§ Task data
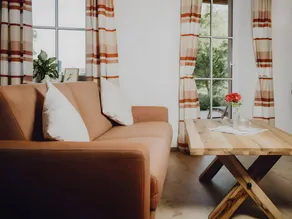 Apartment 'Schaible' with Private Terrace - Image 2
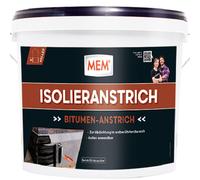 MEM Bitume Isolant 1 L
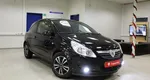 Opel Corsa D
...
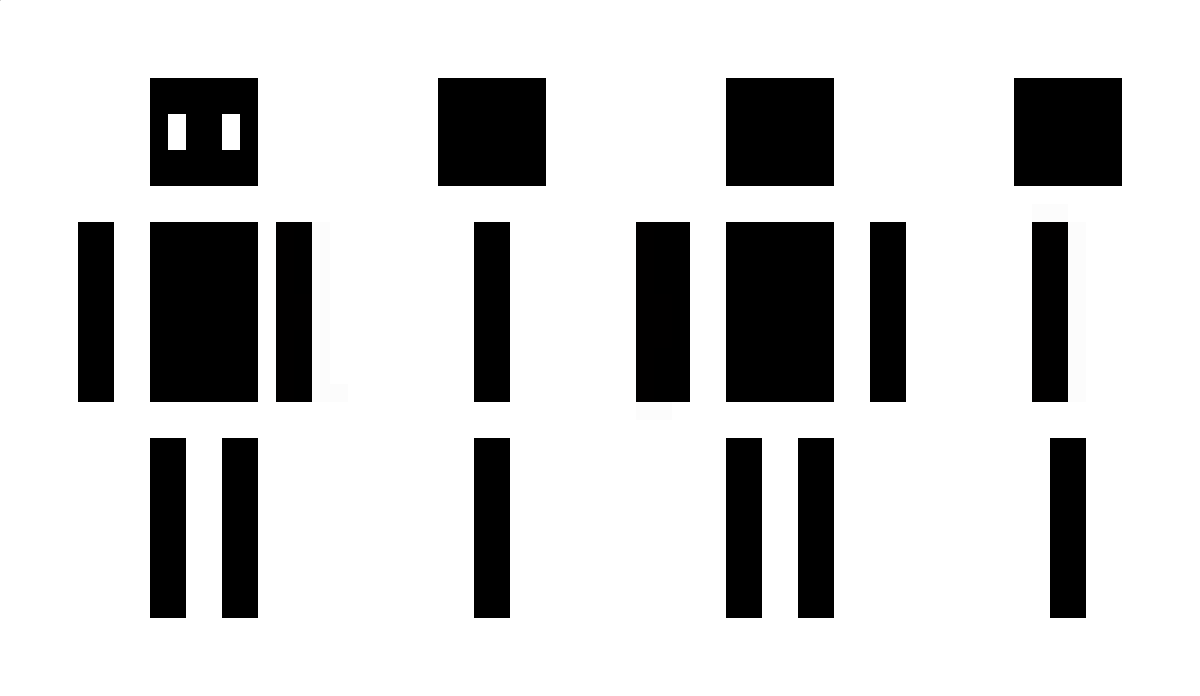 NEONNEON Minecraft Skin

§ To do
Although pictures appear among the records above, none are to be output; print exactly the lines from the line containing "Apartment 'Schaible' with" through the line containing "Opel Corsa D".

§ Response below
 Apartment 'Schaible' with Private Terrace - Image 2
 MEM Bitume Isolant 1 L
 Opel Corsa D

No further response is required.